# Pressure temperature relationship in gases experiment 77

In this lab, we verified the Ideal Gas Law and badz.info determined Absolute Zero and the. Universal calculated using the relationship between pressure and temp. That is, the product of the pressure of a gas times the volume of a gas is a constant for a given sample of gas. In Boyle's experiments the temperature (T) did not change, nor did the number of At the same temperature and pressure equal volumes of all. 77 With this example we can clearly see the relationship between. Pressure-Temperature Relationship in Gases. By Brian Su, Andrew Wang, and Gabriel Lee. Through this lab, the students observed the relationship between.

Support the apparatus with a large 3-prong clamp and clamp holder and support the thermometer with a small 3-prong clamp and clamp holder.

Allow the water to return to a full boil. Wait a few minutes for the apparatus to equilibrate. The pressure reading should stabilize at a constant value.

Record the pressure to the nearest mm Hg and temperature to the nearest 0. Remove the apparatus from the bath.

## Gay-Lussac's Law Temperature-Pressure Relationship in Gases and the Determination of Absolute Zero

Support the apparatus and thermometer as described in step 2. Repeat steps 3 to 5.
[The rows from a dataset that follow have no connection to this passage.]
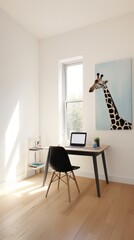 minimalist children's room with white walls, a wooden floor, and a built-in desk with a black chair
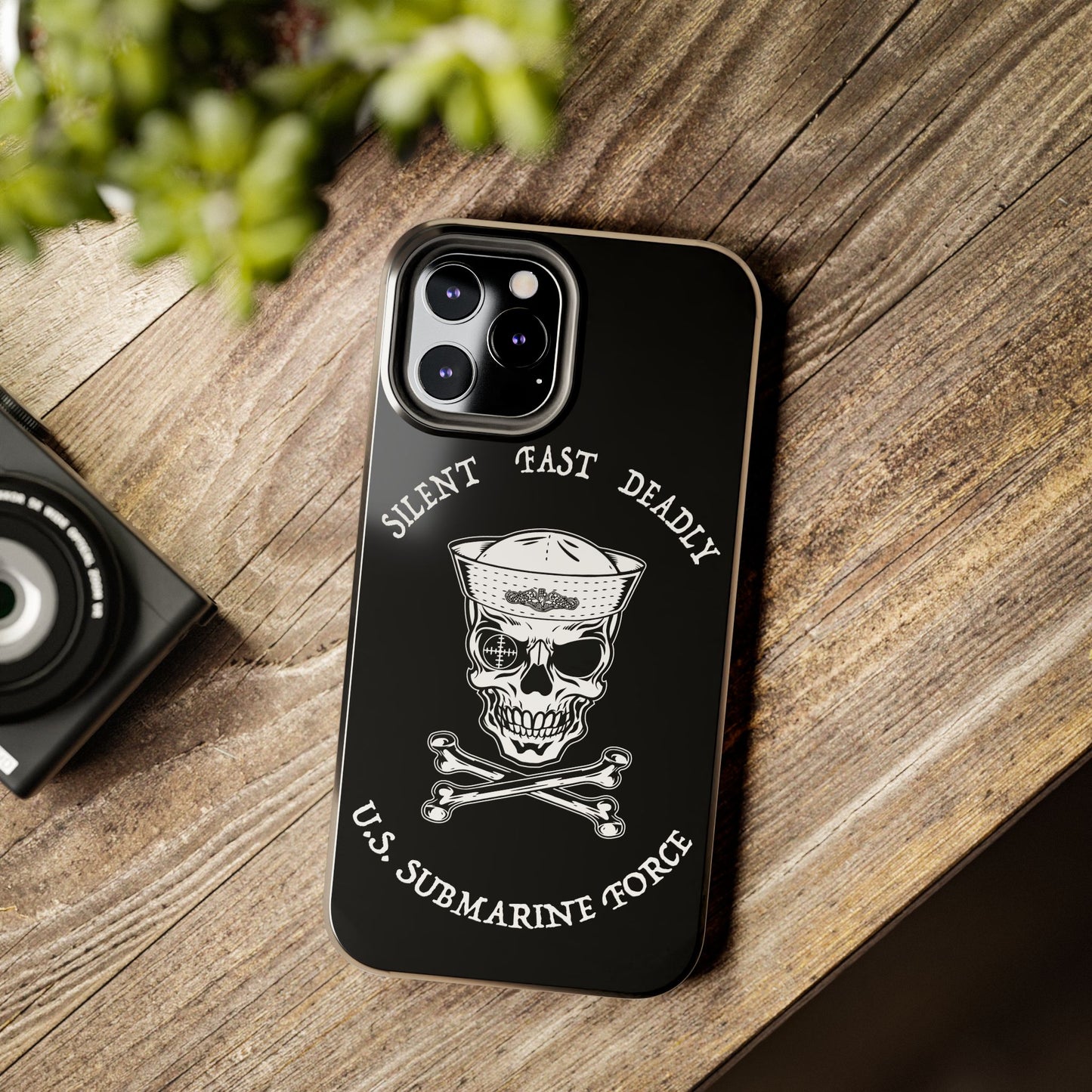 U.S. Submarine Force Skull & Crossbones Sailor with Dolphins Black Tough iPhone Case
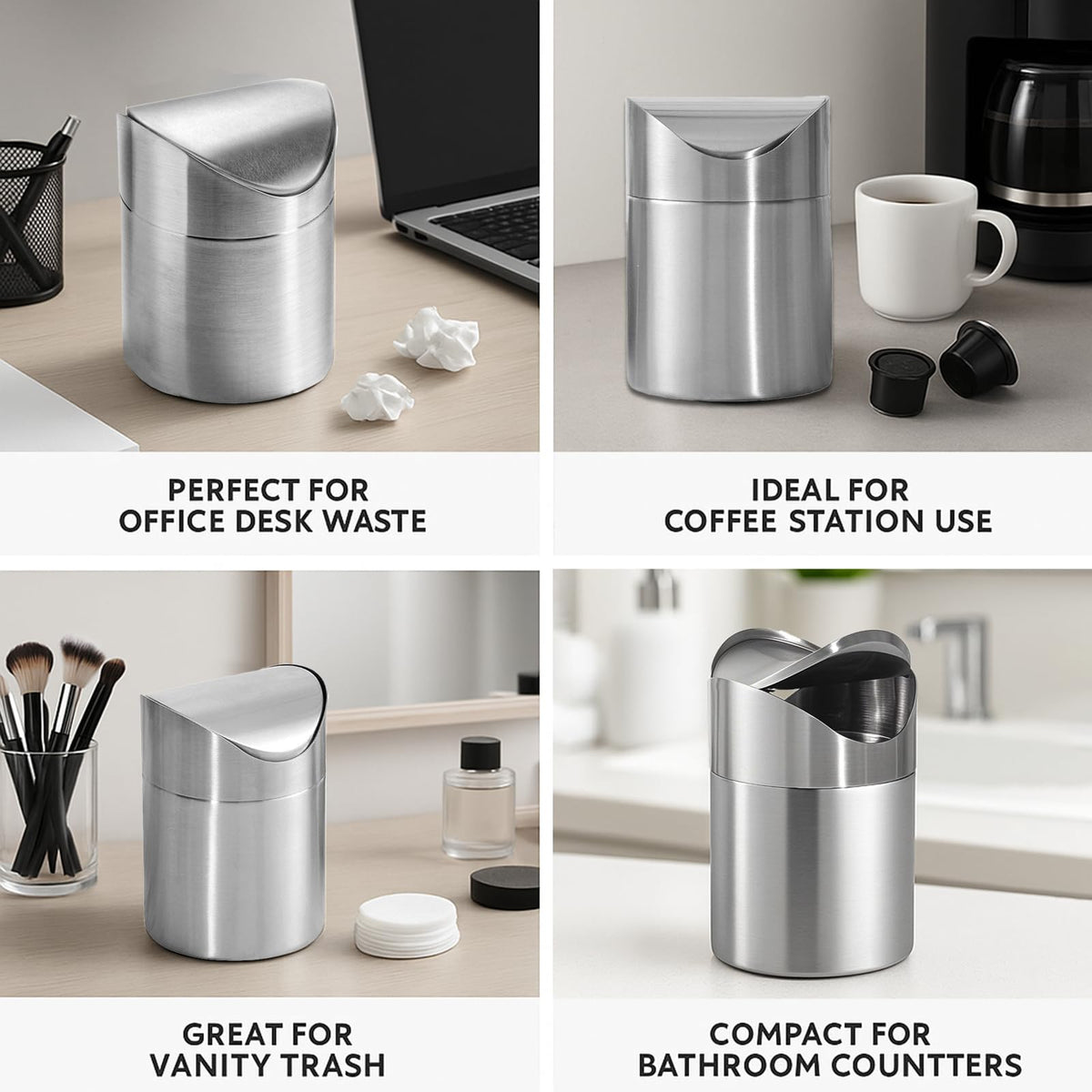 JILLICK Small Mini Trash Can with Lid, Brushed Stainless Steel Small Tiny Mini Trash Bin Can, Mini Countertop Trash Cans for Desk Office, Swing Top Trash Bin 1.5 L/0.40 Gal (Sliver)
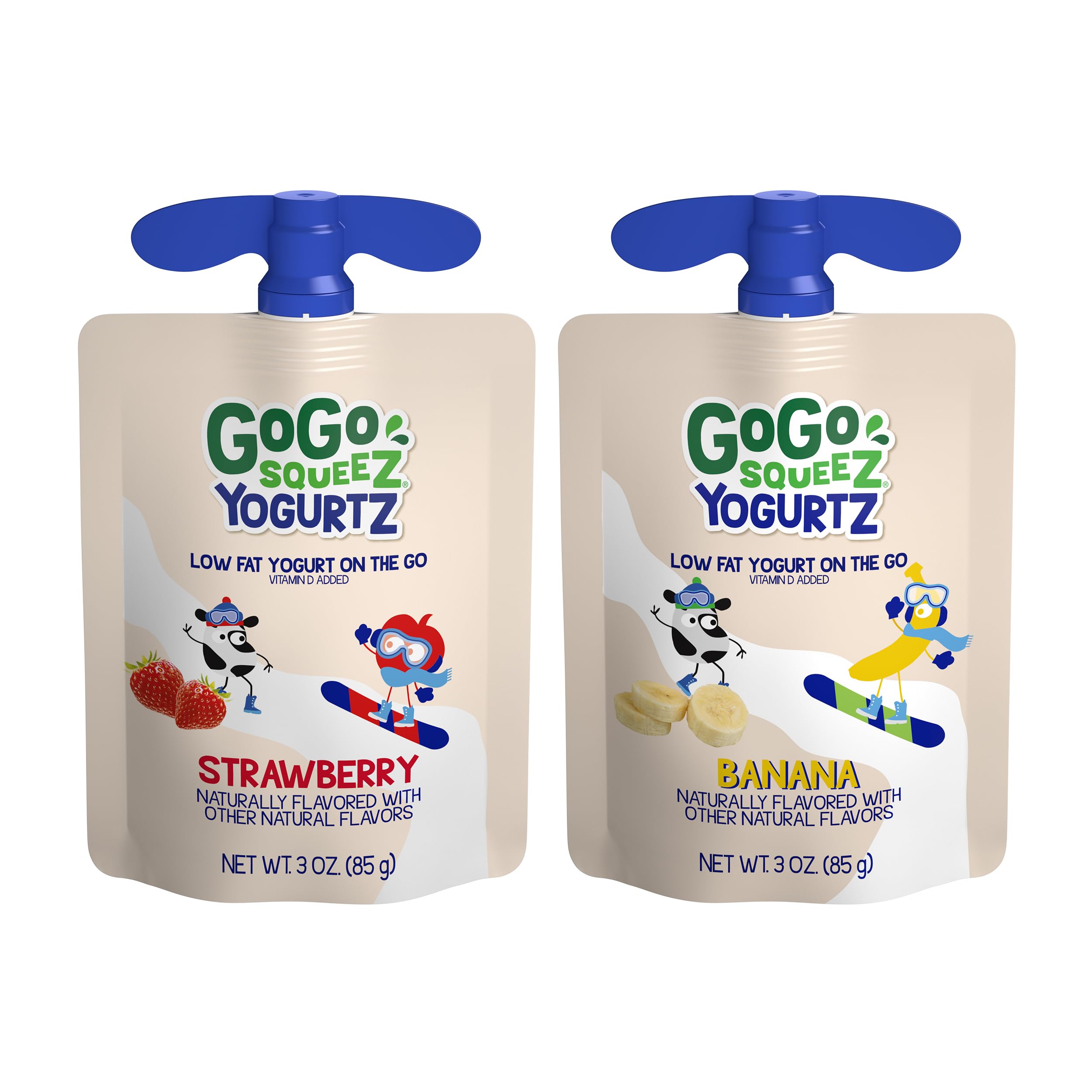 GoGo squeeZ Yogurt Variety Pack - Strawberry & Banana Flavored, 3oz Pouch (20 Pack) | Healthy Kids Snacks Made with Real Yogurt & Fruit | No Refrigeration Needed, Gluten Free, Nut Free, BPA Free | Perfect for School Lunches, Road Trips & On-the-Go Snacking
Support the apparatus as described in step 2. Do not use a thermometer to measure the temperature. The dry ice bath is assumed to be at the sublimation temperature of carbon dioxide, 1 atm pressure and — Record the pressure gauge reading and — Purge the apparatus with helium. The liquid nitrogen bath is assumed to be at its boiling point, 1 atm pressure and — Data analysis Prepare a graph of pressure vs. This graph should have labeled axes with units as follows: Draw the best straight line through the data.

Extend the line until it intersects the x-axis. If you have access to a graphing calculator or graphing software, graph the data and perform a linear regression analysis. Record the slope, y-intercept, and correlation coefficient r.

Conversely, if a gas is compressed into a smaller volume at constant temperature, the number of impacts per unit area increases, so the pressure increases.

From measurements of volumes and pressure of gases at constant pressure, a numerical inverse law can be formulated.

**Pressure Temperature and Volume Gas Law Relationship**

Examples of simple gas calculations i 5 m3 volume of a gas at a pressure Pa was compressed to a volume of 2. Calculate the final pressure. Calculate the final volume of the gas.

Boyle's Law for volume and gas pressure The particle theory of gas pressure was explained in Part 1 so this section concentrates on the gas law calculations involving pressure and volume. Boyle's Law states that for given mass of gas at a constant temperature oC or Kthe product of the pressure multiplied by the volume is a constant.

At lower temperatures the volume and pressure values are lower see next section. You can use any volume or pressure units you like as long as both p's and both V's have the same units. Using particle theory and simple arithmetical values to explain Boyles Law.

If a gas is compressed to half its original volume the concentration or density of the gas is doubled.

### Pressure-Temperature relationship in gases lab by Fredie Rodriguez on Prezi

Therefore there will be twice as many collisions with the surface causing twice the impact effect i. If the volume of a gas is increased by a factor of three, the concentration is reduced by the same factor, so the chance of particle collision with the container walls is similarly reduced, so the pressure decreases by a factor of three. Because the internal pressure in the cylinder is so much greater than the external pressure, on fitting a valve, a large volume of gas can be released to flow slowly under controlled conditions for a patients respiration.